### Task goal
Please set down exactly the lines from the one that contains "Not powering on" through the end of the material, leaving out every picture.

### Information supplied

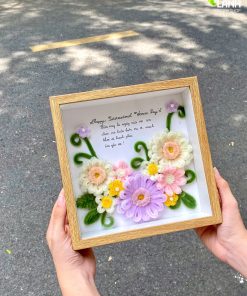[Thanh Lý] Tranh Hoa Kẽm Nhung: Khung Hoa Kí Ức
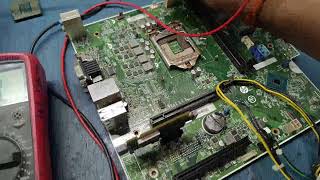 Not powering on vrm section vcore shorting hp desktop pc motherboard diagnose and repair [upl. by Nyrehtak]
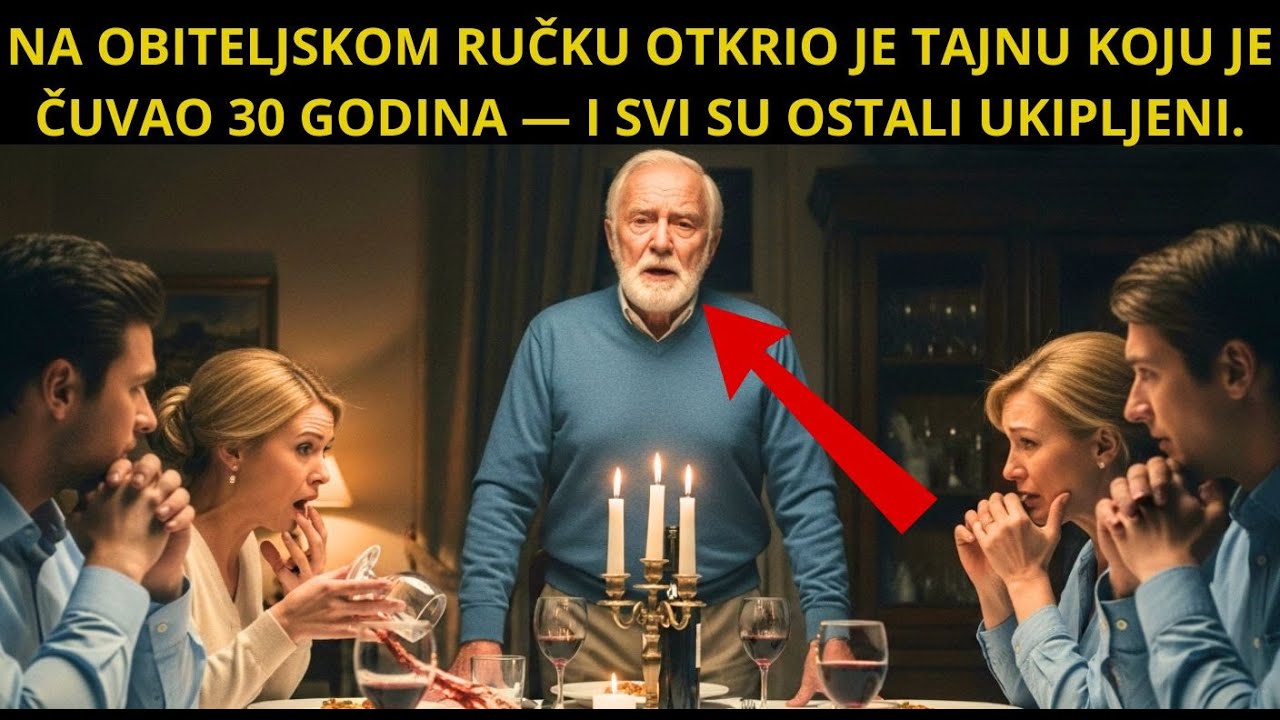NA OBITELJSKOM RUČKU OTKRIO JE TAJNU KOJU JE ČUVAO 30 GODINA — I SVI SU OSTALI UKIPLJENI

### Solution to this problem
 Not powering on vrm section vcore shorting hp desktop pc motherboard diagnose and repair [upl. by Nyrehtak]
NA OBITELJSKOM RUČKU OTKRIO JE TAJNU KOJU JE ČUVAO 30 GODINA — I SVI SU OSTALI UKIPLJENI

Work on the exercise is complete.